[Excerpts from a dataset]
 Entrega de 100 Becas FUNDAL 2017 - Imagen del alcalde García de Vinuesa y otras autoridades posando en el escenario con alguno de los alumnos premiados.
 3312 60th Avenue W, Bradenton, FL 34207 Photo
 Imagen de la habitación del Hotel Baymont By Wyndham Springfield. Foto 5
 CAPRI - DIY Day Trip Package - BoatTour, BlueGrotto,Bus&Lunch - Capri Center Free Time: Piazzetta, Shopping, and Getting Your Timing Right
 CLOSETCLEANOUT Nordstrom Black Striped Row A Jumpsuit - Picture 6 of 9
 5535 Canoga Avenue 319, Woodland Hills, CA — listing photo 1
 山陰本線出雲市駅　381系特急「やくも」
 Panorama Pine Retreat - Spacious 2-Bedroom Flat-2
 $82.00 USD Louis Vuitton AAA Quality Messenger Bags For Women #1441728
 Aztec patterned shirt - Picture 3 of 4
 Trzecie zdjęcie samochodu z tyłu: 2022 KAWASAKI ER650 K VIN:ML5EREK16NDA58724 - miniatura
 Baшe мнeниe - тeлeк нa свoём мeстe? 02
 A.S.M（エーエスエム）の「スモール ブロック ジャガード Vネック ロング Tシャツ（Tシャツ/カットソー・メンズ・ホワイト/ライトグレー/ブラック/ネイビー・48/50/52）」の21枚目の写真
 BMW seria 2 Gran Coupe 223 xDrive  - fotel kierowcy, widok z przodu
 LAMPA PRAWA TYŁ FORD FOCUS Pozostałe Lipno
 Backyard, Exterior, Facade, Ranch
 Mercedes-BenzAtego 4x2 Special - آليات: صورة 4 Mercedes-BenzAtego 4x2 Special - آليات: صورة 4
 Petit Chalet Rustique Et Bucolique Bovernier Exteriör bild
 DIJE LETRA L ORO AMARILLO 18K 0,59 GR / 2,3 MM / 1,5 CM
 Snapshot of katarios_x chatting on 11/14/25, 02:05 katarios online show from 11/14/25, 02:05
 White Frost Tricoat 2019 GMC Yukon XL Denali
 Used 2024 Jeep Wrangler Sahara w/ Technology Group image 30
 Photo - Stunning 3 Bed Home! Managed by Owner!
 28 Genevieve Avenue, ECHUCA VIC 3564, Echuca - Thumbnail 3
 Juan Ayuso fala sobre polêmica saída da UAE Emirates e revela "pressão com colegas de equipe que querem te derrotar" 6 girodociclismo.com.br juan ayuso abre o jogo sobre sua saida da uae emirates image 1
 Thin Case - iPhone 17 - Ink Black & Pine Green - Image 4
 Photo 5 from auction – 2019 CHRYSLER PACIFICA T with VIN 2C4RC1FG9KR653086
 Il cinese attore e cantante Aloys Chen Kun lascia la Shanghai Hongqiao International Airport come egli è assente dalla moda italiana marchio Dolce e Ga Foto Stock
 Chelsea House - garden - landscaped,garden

Directions: Copy, word for word, the line that contains "Il cinese attore" and every line after it through the end of the records, and nothing else.

Result of the task:
 Il cinese attore e cantante Aloys Chen Kun lascia la Shanghai Hongqiao International Airport come egli è assente dalla moda italiana marchio Dolce e Ga Foto Stock
 Chelsea House - garden - landscaped,garden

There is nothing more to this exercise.